The results of this study confirm that the course of the ScN can be clearly depicted by sonography in the cat. In all animals, the ScN was scanned at three locations: gluteal (cranial and caudal), femoralis and popliteal regions using a linear high-frequency transducer. The bony landmarks, ala ossis ilii, trochanter major, tuber ischiaticum provide a consistent guide to locate the ScN on the gluteal region. The trochanter major and the lateral condyle of the os femoris provided a consistent guide to locate the ScN on the femoral and popliteal regions.
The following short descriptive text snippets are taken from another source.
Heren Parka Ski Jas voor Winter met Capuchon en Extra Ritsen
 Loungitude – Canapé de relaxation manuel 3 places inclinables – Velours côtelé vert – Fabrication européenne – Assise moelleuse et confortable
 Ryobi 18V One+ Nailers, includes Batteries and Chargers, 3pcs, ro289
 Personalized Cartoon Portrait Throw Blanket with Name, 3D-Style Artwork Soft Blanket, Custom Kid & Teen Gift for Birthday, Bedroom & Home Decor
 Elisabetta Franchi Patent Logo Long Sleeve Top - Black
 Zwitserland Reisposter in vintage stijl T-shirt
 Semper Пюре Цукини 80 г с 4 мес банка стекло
The ultrasonographic appearance of the ScN in cats was similar to that described for the ScN of dogs. ^5,6 There were no differences between the ultrasonographic appearance of the ScN in fresh cadavers and live cats as has also been documented for dogs. ⁶ In contrast, it has been reported ⁵ that the nerve appeared more uniformly hypoechoic in cadavers. They hypothesised that post-mortem degeneration of the nerve may be the responsible for the reduction in the internal echotexture of the nerve structures. These differences may be explained by the fact that in the present study the US scans were performed immediately after euthanasia while in the other report ⁵ thawed cadavers were employed. On transversal images, at gluteal location, the ScN appeared as an oval shaped hypoechoic surrounded by a hyperechoic rim. At midfemoral level it appeared as a bi-tubular structure until the nerve reached the poplitea zone. These structures were the peroneous communis component on the cranial aspect and the tibial nerve on the caudal aspect. The peroneous communis was smaller in diameter than the tibialis as previously reported. ^5,6 On longitudinal images, the ScN appeared from proximal to distal as a tubular hypoechoic structure bordered by two hyperechogenic lines. The hyperechoic rim is likely to represent the epineurium, whereas the hypoechoic areas separated by the hyperechoic bands are likely to represent the neuronal fascicles and the epineurium. ³ At distal femoralis zone, the ScN appeared with an increase of internal echogenicity. This increase of echogenicity could be related to regional differences in the characteristics of the ScN as, the degree of hyperechogenicity of a peripheral nerve reflects the amount of connective tissue within the nerve. The echogenicity of a nerve varies as nerves pass through different tissues. ⁷ It has also been reported that the anatomic areas provided with an increased amount of connective tissue are those where peripheral nerves are more prone to be subjected to physiological compression or stretching. ³

At the glutea region, the ScN is localised close to the glutea caudalis vein and artery and it can be confused with these vascular structures. Any uncertainty can be addressed using colour-flow Doppler. ⁵ At the level of mid-femur, the ScN is not surrounded by these structures. The nerve can be easily identified, medial to the biceps femoris, observing its typical bi-tubular ultrasonographic appearance. ^5,6 In three cats (one cadaver and two live) a third neural structure was visualised at the level of poplitea region, caudal to the tibialis nerve on the transversal plane. This structure was identified as a branch of tibialis nerve, the caudal cutaneous sural nerve. The inconsistency in visualising this branch may be attributed to the small diameter of this nerve. Hence, this finding should be investigated in future research.

Conclusions

This report provides a description of the ultrasonographic approaches and appearance of the feline ScN and validates the usefulness of the US to evaluate the normal anatomy ScN in the cat. This information can be useful for clinical purposes, but further studies are necessary to determine its potential applications.